Con “Ultime Volontà”, i Deaf Kaki Chumpy tornano a distanza di anni con un brano che ha il sapore di una trasformazione profonda. Dal 2018 il collettivo sembrava essersi dissolto in un silenzio quasi inevitabile per una realtà tanto ampia, stratificata e difficile da contenere dentro formule precise. Eppure questo nuovo singolo non suona come un semplice ritorno: sembra piuttosto una rinascita, la prova che il progetto abbia trovato una nuova forma per continuare a esistere senza perdere la propria identità.

“Ultime Volontà” parla apertamente di morte, ma lo fa senza teatralità o retorica. La morte qui non è soltanto una fine: è un passaggio, una trasformazione continua, qualcosa che distrugge e ricostruisce allo stesso tempo. In questo senso il brano sembra riflettere anche la storia stessa dei Deaf Kaki Chumpy, band collettiva e mutevole che oggi riemerge con una consapevolezza diversa, quasi più essenziale.

La grande intuizione del pezzo sta nel riuscire a rendere accessibile una complessità che in passato poteva apparire distante o volutamente sfuggente. I Deaf Kaki Chumpy non rinunciano minimamente alla loro natura composita: jazz contemporaneo, prog, orchestrazioni, elettronica e aperture cinematiche continuano a convivere all’interno del loro linguaggio. Ma questa volta tutto appare più leggibile, più diretto emotivamente, senza perdere profondità.

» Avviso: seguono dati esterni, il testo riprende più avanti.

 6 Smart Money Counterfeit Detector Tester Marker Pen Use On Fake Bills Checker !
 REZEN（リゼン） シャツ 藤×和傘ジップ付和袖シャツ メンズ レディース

La scelta di scrivere per la prima volta in italiano cambia completamente il rapporto con l’ascoltatore. Se prima esisteva una sorta di barriera astratta, quasi concettuale, qui quel filtro scompare: “Ultime Volontà” ci trascina dentro un mondo geometrico, costruito con precisione quasi architettonica ma attraversato da emozioni estremamente umane. Le immagini diventano più vicine, i silenzi più pesanti, le aperture sonore più coinvolgenti.

In questo nuovo equilibrio emerge con forza la firma di Andrea Daolio, che sembra aver preso le redini artistiche del gruppo accompagnandolo verso una fase diversa. Non si tratta di semplificare la musica dei Deaf Kaki Chumpy, ma di capire finalmente come comunicarne tutta la ricchezza senza sacrificarne l’impatto emotivo. È una complessità accessibile, viva, che non chiede più all’ascoltatore di restare fuori a osservare, ma lo invita a entrare davvero dentro il brano.

“Ultime Volontà” funziona proprio perché riesce a essere insieme continuità e rottura. È il ritorno di una band che mancava da troppo tempo, ma anche la nascita di qualcosa di nuovo: un progetto che ha ancora il coraggio di reinventarsi senza smettere di essere sé stesso.